Given this fact of cleverness, it may be of more interest to discuss an aesthetic concern unrelated to the above poem**. The EXPLANATORY NOTE for “Moonrise Paints a Lady’s Portrait” states that “poetry is the act of metamorphosing disparate images.” While certainly correct, this is but one aspect of poetry***. Poetry can also be thought of as sensation, or that which has “one fact turned toward the subject, and one fact turned toward the object.

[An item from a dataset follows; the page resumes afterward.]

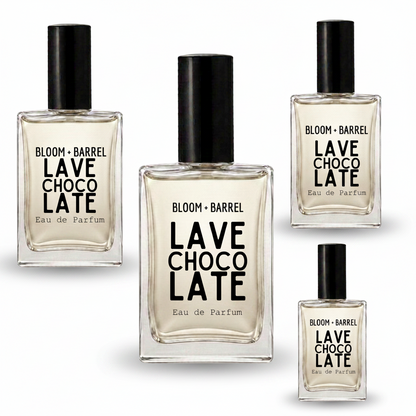 Four glass perfume bottles of BLOOM + BARREL Choco Late Lave Eau de Parfum with black caps, arranged on a plain white background.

Or rather, it has no face at all, it is both things indissolubly . . . at one and the same time I becomes sensation and something happens through sensation, one through the other, one in the other (Deleuze, Francis Bacon 25).” Sensation, in other words, is the process of becoming faceless****; to this extent, sensation is not the subject nor the object, but the movement that takes place between the subject and the object: a transitive state: a verb that creates ephemeral and conditional nouns as effects of its action in highly specific contexts. Poetry, stated differently, is the movement of the subject (i.e. the poets as writers or readers) through and within the object (i.e. the text, whether materially, linguistically, or conceptually) that perpetually alters them both. As such, one may claim that “sensation is realized in the material,” while the material, concomitantly, “passes into sensation (Deleuze and Gauttari, What is Philosophy? 193).” If and when the movement ceases, both the subject and the object territorialize into rigid loci of the State; there is no longer poetry, but something else (e.g. stagnated nouns, information, communication, order words, commodities, exchangeable goods, etc.).

“While the poets agree that there is a certain amount of cleverness in the above poem, they do not necessarily agree with the EXPLANATORY NOTE’s assessment of cleverness, nor do they believe that it is the poem’s overriding concern.

**The poets do not believe that the aforementioned “aesthetic concern” is unrelated to the above poem. In fact, they are of the impression that it is very much related.

***Poetry, indeed, should be considered a multiplicity if one has any chance of understanding it, or better stated, moving comfortably through and within it.

****Foucault once wrote: “I am . . . not the only one who writes to have no face (Archaeology of Knowledge,19).”